Dead or Alive(死ぬか生きるか)!?(18)
――『日没直前の温かみのある黄金色の景色、日没後の透明感のある青空の下の景色を、観覧車から楽しみましょう』
エリックがそう言っていたが、まさに観覧車が動き出すと、ゴールデンアワーがスタートしていた。見渡す建物はすべてとろっと蜂蜜をコーディングしたかのようだ。
「隣の席へ移動してもいいですか?」
「え」
「わたしがここに座っていると、景色が見えにくくないですか? 一緒にそちらの席に並んで座った方が、景色を一望できます」
それはエリックが言う通りだった。対面にエリックが座っていると、確かにせっかくガラス張りになっているのに、正面の景色は見づらくなっている。
「そうですね。……並んで座るには少し狭いですが」
「カトリーナが細いので十分スペースが残っていますよ」
そんな冗談を言いながら、エリックが隣に座ると……。
(そ、想像以上に近いわ……!)
それだけではなかった。
「もしかして殿下は……」
「気づいた? わたしもマグノリアの香水をつけています」
(やっぱり。大好きなマグノリアの香りが倍になり、頬が緩みそうだわ!)
「こうやってこの香水をつけていると、カトリーナに会えない時間も、そばにあなたがいる気持ちになり、安らぎます」
「!?」
この言葉には心臓が盛大に反応しそうになる。
だがしかし!
(とんでもないリップサービスだわ! ポメリアは無事ケインと婚約することになった。勿論、貴族同士の婚約には国王陛下の許可が必要になる。でもポメリアはヒロインなのだ。ここで国王陛下が不用意に『許さん』になるわけがない! つまり攻略完了なのだ。エリックとの偽装交際も、もう終わりよ)
「殿下……」
話し掛けようとしたら、エリックは私の手をとり、ゆっくりマッサージを始める。
エリックは日曜日のマッサージ会でも、自身の順番の前に、毎週こうすることが当たり前になっていた。よって慣れた手つきでマッサージをしてくれるのだけど……。
(本当に上手だわ。もしエリックが本気でマッサージの道に進んだら……。あっさり私を超えてしまいそう)

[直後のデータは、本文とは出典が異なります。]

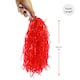 image 7 of White and Red Pom Poms – Pair with Handle Cheerleader Shakers 80g Fancy Dress N/A | One Size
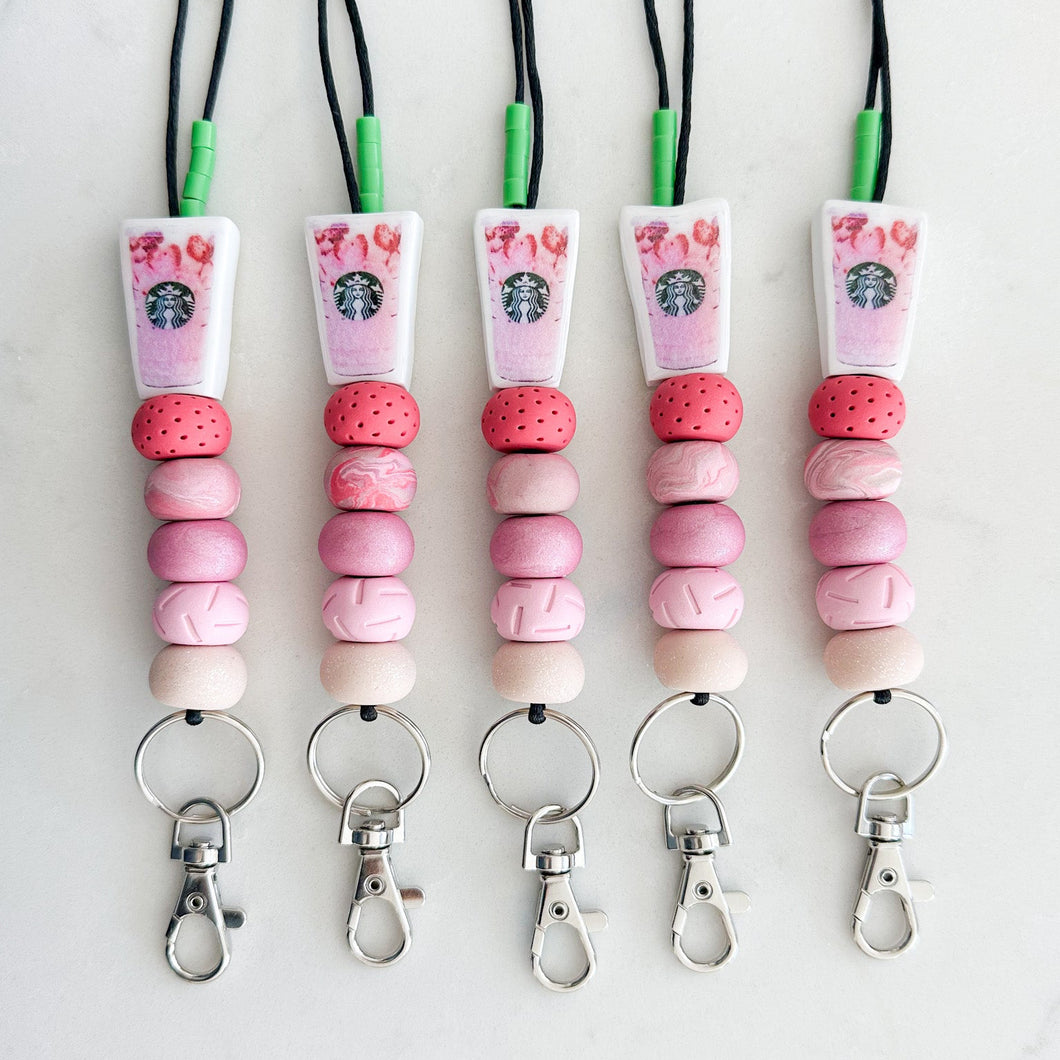 Pink Drink Lanyard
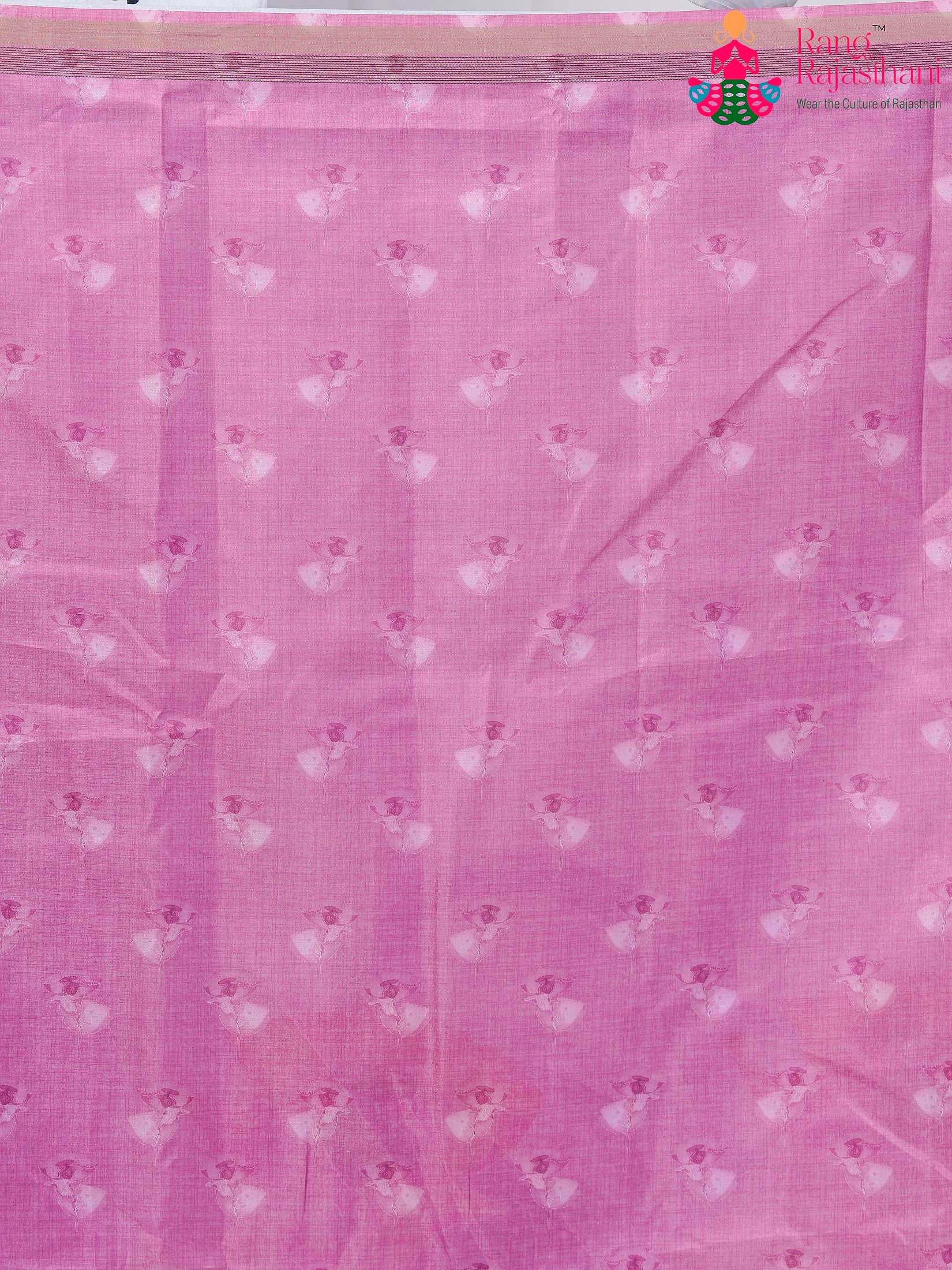 Blue Imported saree with Printed pleats view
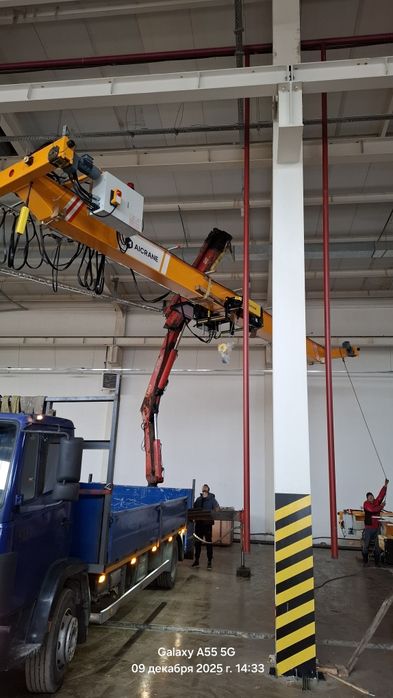 Кран-балка, тельфер, козловой кран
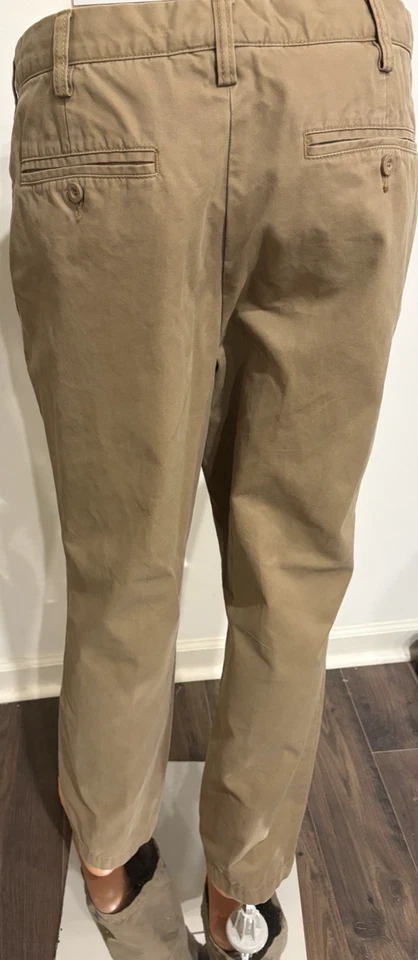 Pantalones chinos Bob Timberlake 34 caqui 100 % algodón para hombre Foto 3 de 4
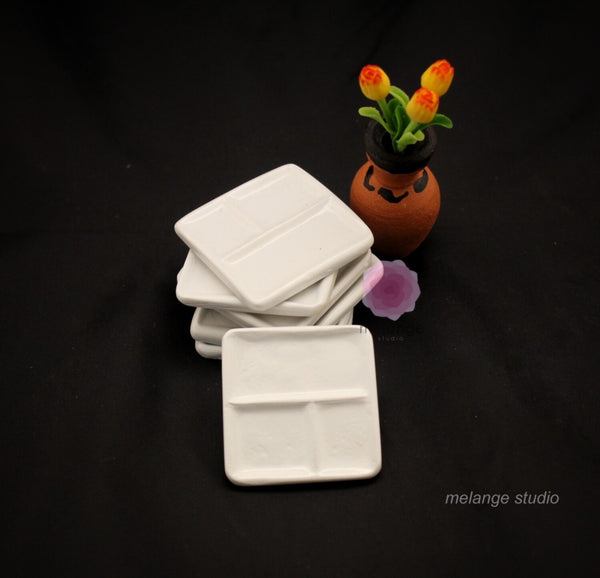 3 Division square plate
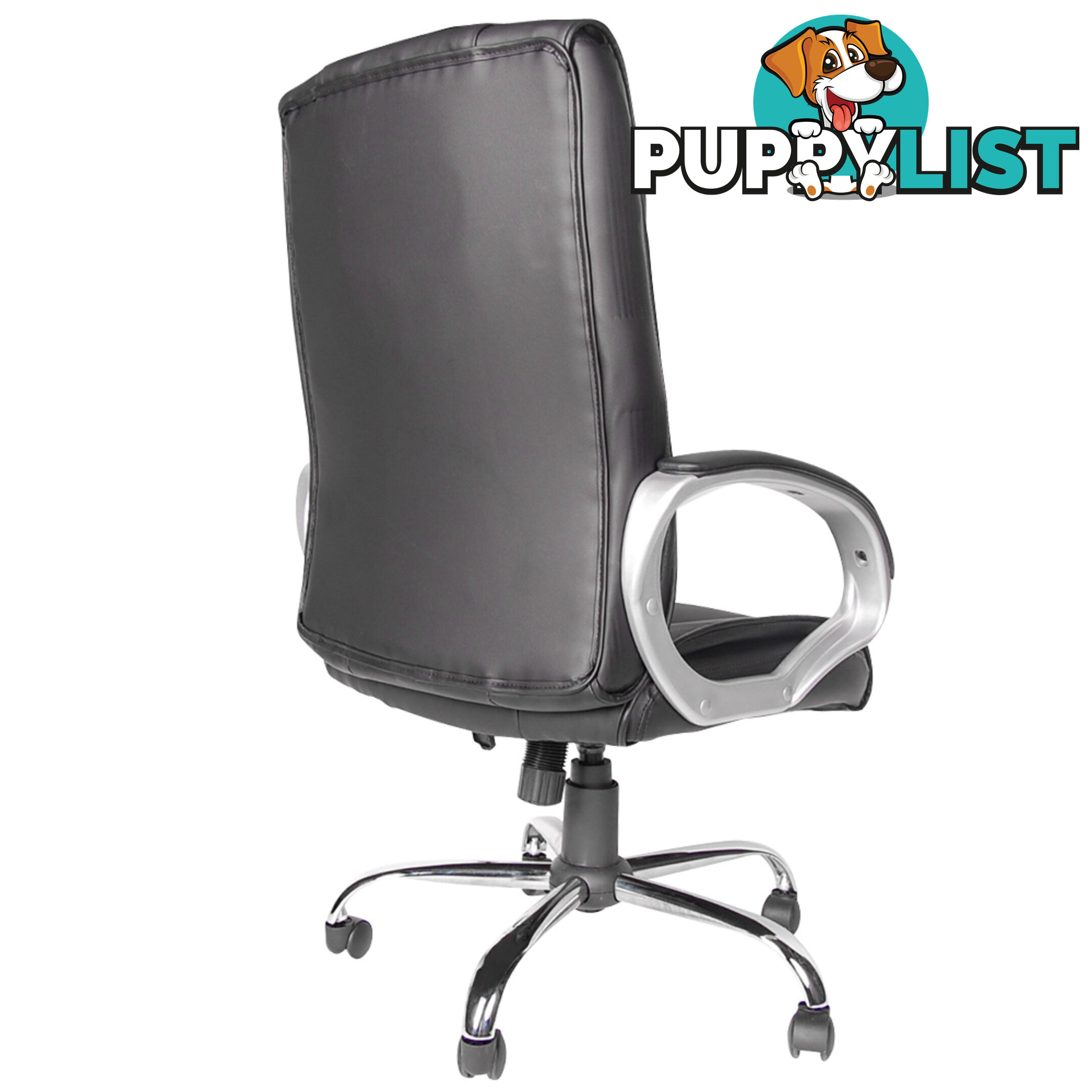 Executive PU Leather High Back Office Computer Chair Black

「ポロロック男爵令嬢はダイセン侯爵令息と間違いなく婚約できます。貴族同士の婚約には国王陛下の許可が必要になりますよね。でもわたしが確認した限り。『許可できず』になる事由はありません。問題なく、婚約は成立します」
「そうですよね。それもこれも殿下のおかげです。本当にありがとうございました」
「あなたのお役に立ててよかったです」
そこで微笑むエリックの笑顔は本当に美しい。
「殿下、もうこれで偽装こ……あっ」
合谷と呼ばれる、手の甲の親指と人差し指の付け根をグッと押され、私は思わず悶絶する。
「カトリーナ。わたしとの交際はこのまま続けましょう」
「えっ、で、でも、殿下は私っ……あああっ!」
またも合谷を押され、私は言葉が続かない。
「わたしはカトリーナのことが好きなんです。偽装で終わらせるつもりはありません」
「!? そ、それは本心なのですか!?」
「本心です。カトリーナはわたしのこと、嫌いですか……?」
エリックの顔が耳元に近づき、そのささやきが耳の中で優しく響く。甘いマグノリアの香りをまとう息が首筋にかかり、意識が飛びそうになる。
「……!」
合谷への強い刺激から一転。ソフトで優しいマッサージに気持ちが蕩けそうになる。
「カトリーナもわたしのことが好きですよね?」
「わ、私は……」
「素直になってください、カトリーナ。わたしはあなたのことを心から思っているのですから」
耳元でのささやきは極上過ぎて、全身を甘美な痺れが駆け抜ける。手へのマッサージも続き、甘いマグノリアの香りは、荒くなる呼吸と共に胸いっぱいに吸い込み、体中を歓喜で満たす。思考はとてもではないけれど、まともにできる状態ではない。
そんな状況ながらも、ぼんやり頭で浮かぶことがある。
(やられる前にやる。そして私は確かにエリックを陥落させたはずだった。でも今はまるであの日の逆のような状態では……。エリックは聡明だから私の……)
「カトリーナ」
エリックが両手で私の頬を包み、自身の顔を近づける。彼の額が自分の額に触れ、もう心臓が爆発寸前!
「カトリーナのことが好きです。愛しています」
そう甘い声で告げると、エリックの鼻が私の鼻に触れた。今にもキスが出来そうな距離でエリックが畳み掛ける。
「わたしのことが好きですか、カトリーナ」
マグノリアの甘い香り。
全力で私を魅了しようとするエリック。
外はブルーアワーに包まれ、幻想的な青の空間を生み出していた。まるで現実に起きていることとは思えないまま、私は導かれるように答えている。
「……はい。私も殿下のことが好きです……」
「よかったです……! カトリーナも間違いなく、わたしを好きに違いないと思っていたけれど……。こうやって直接気持ちを伝えてもらえると、とても嬉しいな……」
そのままふわりと抱き寄せられると、その胸の温かさ、居心地の良さに心身が癒されていく。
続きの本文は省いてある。